§ REQUIREMENT: Within the data below, find the string "featuring" and return each line where it occurs.

§ RECORDED DATA:
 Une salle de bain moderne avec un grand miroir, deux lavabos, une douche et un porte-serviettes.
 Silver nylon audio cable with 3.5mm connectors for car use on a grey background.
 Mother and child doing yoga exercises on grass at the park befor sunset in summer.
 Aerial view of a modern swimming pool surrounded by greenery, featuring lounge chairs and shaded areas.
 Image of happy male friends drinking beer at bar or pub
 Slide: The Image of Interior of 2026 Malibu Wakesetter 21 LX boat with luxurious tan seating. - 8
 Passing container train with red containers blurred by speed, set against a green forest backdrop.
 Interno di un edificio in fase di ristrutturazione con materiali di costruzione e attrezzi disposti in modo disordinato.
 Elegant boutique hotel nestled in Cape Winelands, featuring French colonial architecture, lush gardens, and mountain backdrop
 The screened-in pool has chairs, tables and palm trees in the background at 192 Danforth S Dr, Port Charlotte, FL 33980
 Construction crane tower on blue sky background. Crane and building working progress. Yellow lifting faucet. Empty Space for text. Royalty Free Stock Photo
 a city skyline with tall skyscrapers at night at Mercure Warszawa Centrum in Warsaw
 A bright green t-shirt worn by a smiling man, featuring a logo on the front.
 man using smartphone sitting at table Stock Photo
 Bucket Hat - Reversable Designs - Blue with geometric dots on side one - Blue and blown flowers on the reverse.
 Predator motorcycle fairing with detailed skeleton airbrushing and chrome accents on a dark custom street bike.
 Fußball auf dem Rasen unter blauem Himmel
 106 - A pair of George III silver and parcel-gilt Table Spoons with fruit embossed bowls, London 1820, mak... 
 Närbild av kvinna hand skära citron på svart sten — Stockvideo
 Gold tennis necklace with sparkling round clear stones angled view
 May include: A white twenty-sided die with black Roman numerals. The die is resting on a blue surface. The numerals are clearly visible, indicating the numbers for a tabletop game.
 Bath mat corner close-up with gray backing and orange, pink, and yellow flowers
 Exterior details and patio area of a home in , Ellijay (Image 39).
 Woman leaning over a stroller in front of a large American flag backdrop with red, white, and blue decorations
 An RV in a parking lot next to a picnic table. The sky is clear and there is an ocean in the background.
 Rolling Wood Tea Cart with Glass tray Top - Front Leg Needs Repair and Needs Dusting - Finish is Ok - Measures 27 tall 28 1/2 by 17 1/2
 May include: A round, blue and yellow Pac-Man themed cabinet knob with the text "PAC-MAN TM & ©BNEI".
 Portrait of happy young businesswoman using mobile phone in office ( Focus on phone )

§ EXPECTED ANSWER:
 Aerial view of a modern swimming pool surrounded by greenery, featuring lounge chairs and shaded areas.
 Elegant boutique hotel nestled in Cape Winelands, featuring French colonial architecture, lush gardens, and mountain backdrop
 A bright green t-shirt worn by a smiling man, featuring a logo on the front.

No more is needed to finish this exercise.